今月は個人的に隠れた天才ライダーだと思っていた、ジョン・コシンスキーさんを考察します。これまでGPシーンを観てきて、どこかケーシー・ストーナーさんとイメージが重なるのが、コシンスキーさんでした。もちろん、コシンスキーさんの方が先輩となりますが。最高峰クラスのGP500でも、戦う条件と体制が整えさえすれば、きっと世界チャンピオンを獲れていた!と思うライダーなのです。

コシンスキーさんはキング・ケニーの秘蔵っ子とも呼ばれていました。子供の頃から、ケニーさんからその才能を買われていたのでしょう。そんなコシンスキーさんですが、活躍したレースは多岐に渡っています。ヤマハ、スズキ、カジバ、ドゥカティ、ホンダと渡り歩いています。AMA時代はGP250クラスで戦いました。’88〜’89には全日本や鈴鹿8耐にもスポット参戦を繰り返していました。ちょうど、ガードナーさんみたいですね。

当時、全日本で鳴らしたGP帰りの清水雅広さんや本間利彦さん、原田哲也さんでさえも、コシンスキーさんには勝てませんでした。僕たち日本のレースファンもこの頃から、コシンスキーさんの速さに驚いたものでした。

そして’90年、チーム・ケニーから世界GPにフル参戦を開始。参戦1年目のこのシーズンにGP250クラスにおいて、シリーズチャンピオンを獲得してしまいます!

’91年シーズンからは最高峰クラスGP500へステップアップしました。ウェイン・レイニーさんのチームメイトでした。しかし’92年シーズンにおいてもレイニーさんの成績には及ばず、なんと’93年シーズンからはスズキに移籍してしまいました。RGV-Γ250での参戦でした。

そしてこのシーズン、後にチャンピオンを獲得した原田さんと、開幕戦オーストラリアGP、第7戦オランダGPで激しいバトルを展開。両レースとも最終的に競り負けてしまいました。この時、RGV-Γに対する不満が爆発したのか、レース直後にマシンを壊し、3位表彰台にも現れず、そのままスズキから契約破棄される大事件を起こしてしまいました。

ですが、その直後にカジバとの契約が決まり、第11戦チェコGPからGP500クラスへの参戦が決まりました。1シーズン中に2クラスへの参戦となったわけです。

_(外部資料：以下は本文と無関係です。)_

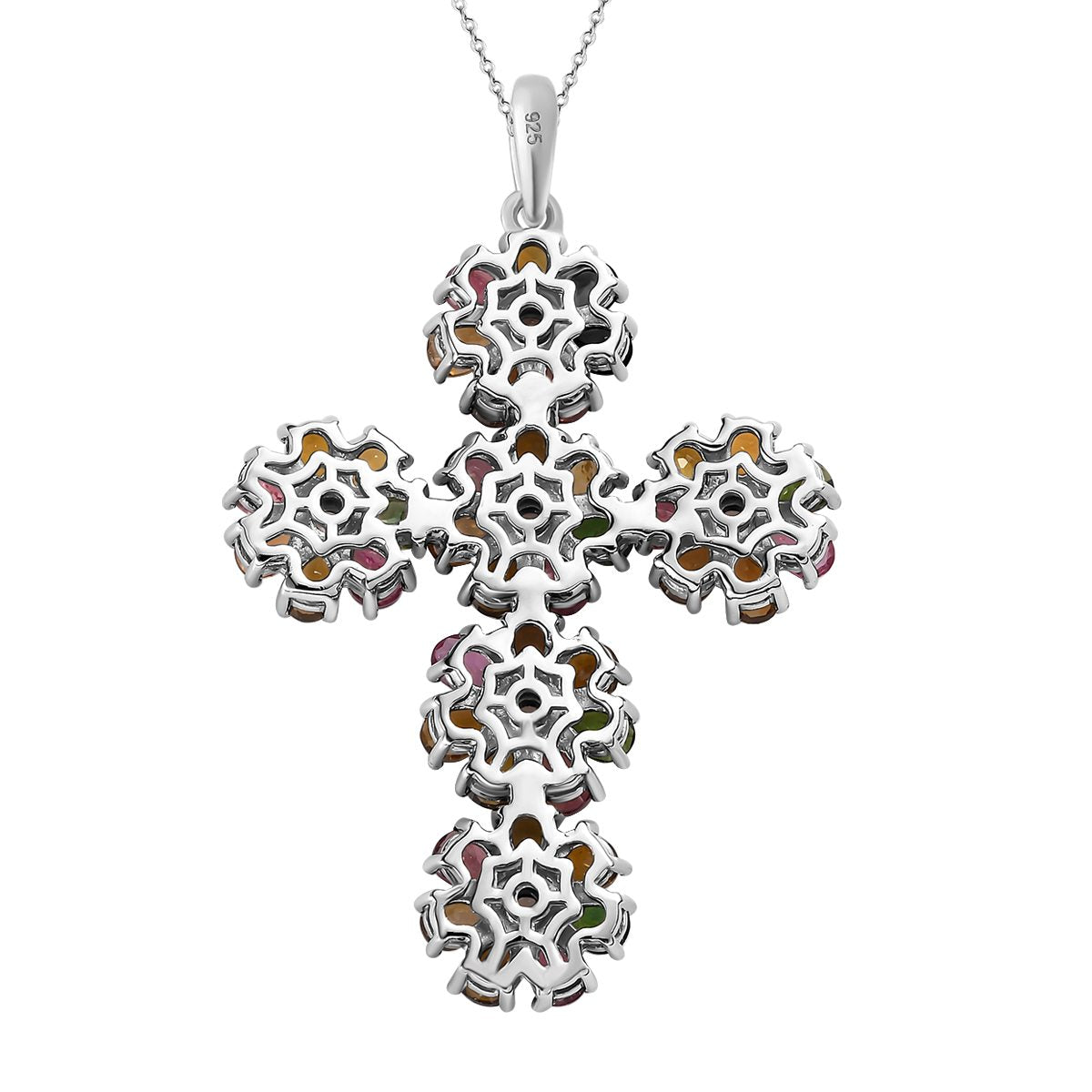 Natürlicher, mehrfarbiger-Turmalin, weißer Zirkon Anhänger mit Kette, 925 Silber platiniert ca. 6.26 ct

カジバでは’93年シーズン途中から、’94〜’95年シーズンも含めて計2勝を挙げていて、やはりコシンスキーさんの速さは本物である事を証明しました。

さらに凄いのが、’96年シーズンからはドゥカティを駆り、ワールドスーパーバイク(SBK)にフル参戦を開始。翌’97年シーズンにはホンダRVF750に乗り換え、そのままSBKのチャンピオンを獲っています! さらに’98〜’99年シーズンには再び世界GPのGP500クラスに復帰し、NSR500を駆りました。そして’99年をもって世界戦のレースから引退しています。

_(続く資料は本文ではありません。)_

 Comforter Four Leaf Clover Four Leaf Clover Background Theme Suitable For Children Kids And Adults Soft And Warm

この奇々怪界とした、激しくうねるようなレースキャリアはコシンスキーさんならではでしょう。個人的にはチーム・ケニーにレイニーさんがいなければ、コシンスキーさんの天下もありえたのでは、とも思ってしまうのですが……。

そんなコシンスキーさんのライディングですが、非常に特徴的で分かりやすいフォームをしていました。漫画イラストで描きましたが、レース中にペース配分をしている時には、頭がマシンのセンターに位置し、上体も自然と立ち気味で、無理を感じさせないリラックスしたフォームで乗っていました。ですが、「本気乗り」と言いますか、タイムを狙いペースを上げ出すとグッと上体が低くなり、頭がイン側に入ります。さらに頭をイン側に傾けるので、ちょうど現在のモトGPで流行りの、上半身がイン側に大きく入る乗り方となり、「流行りの先乗り!」と言える印象になりました。

今イチ本気ではないフォーム(左)
レース中に他車とのペース配分や、タイヤのマネージメントを考えて走っているときは、頭がセンターに残り、上半身は立ち気味になる

ラストスパートなどで本気のフォーム(右)
“本気モード”に入ると上半身が低くなり、イン側に大きく入る。頭はアゴを引き、イン側に入るので、頭の傾き具合が特徴的になる

ライディングフォームの考察はテレビでのレース観戦ではとても役立ちます。各ライダーのフォームの特徴をそれぞれ捉えておくと、ライブの放送を観ながらも、トップを争うライダーが「まだ本気で走っていない!」とか「今日はいつもと違う。調子悪いのかな?」「来たぞ! ラストスパートに入った!」など、レース中に気づけるようになるのです。これが分かるとレースの観方もさらに深くなります。すると自分の予想する結果が実際のリザルトと近くなり、レースの面白さが倍増、いや倍倍増する事になるのです!

ぜひ、レース放送を観ながら好きな選手のライディングフォームの考察をなさって下さい! レース観戦がさらに面白くなりますよ!